Direct expansion of Fourier extrapolator for one-way wave equation using Chebyshev polynomials of the second kind

Abstract

The Fourier method for one-way wave propagation is efficient but potentially inaccurate in complex media. The implicit finite-difference (FD) method can handle arbitrarily complex media, but it can be inefficient in 3D and has limited dip bandwidth. We have adopted a new Fourier method based on the Chebyshev expansion of the second kind. Theoretical analyses and numerical experiments indicate that our method is comprehensively superior to a similar method based on the Chebyshev expansion of the first kind in terms of balanced amplitude and error tolerance. Within the dip bandwidth from 0° to 65°, the fourth-order form of our method has an error tolerance of 2%, which is approximately one-third that of the Chebyshev expansion of the first kind. Our method also is superior to the implicit FD method in several important aspects: effective bandwidth, computational efficiency, numerical dispersion, and two-way splitting error.

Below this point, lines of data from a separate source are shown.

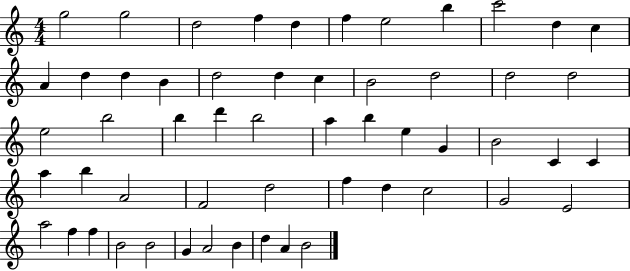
X:1
T:Untitled
M:4/4
L:1/4
K:C
g2 g2 d2 f d f e2 b c'2 d c A d d B d2 d c B2 d2 d2 d2 e2 b2 b d' b2 a b e G B2 C C a b A2 F2 d2 f d c2 G2 E2 a2 f f B2 B2 G A2 B d A B2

It can be easily extended from 2D to 3D compared with the FD method and from low orders to high orders compared with the optimized Chebyshev-Fourier method. Our method finds better imaging results of the SEG/EAGE model by providing a well-focused salt dome, flank, and bottom as well as the detailed structures beneath the salt body, compared with the implicit FD method and the Chebyshev expansion of the first kind; meanwhile, our method has fewer imaging artifacts because it can better position the reflectors.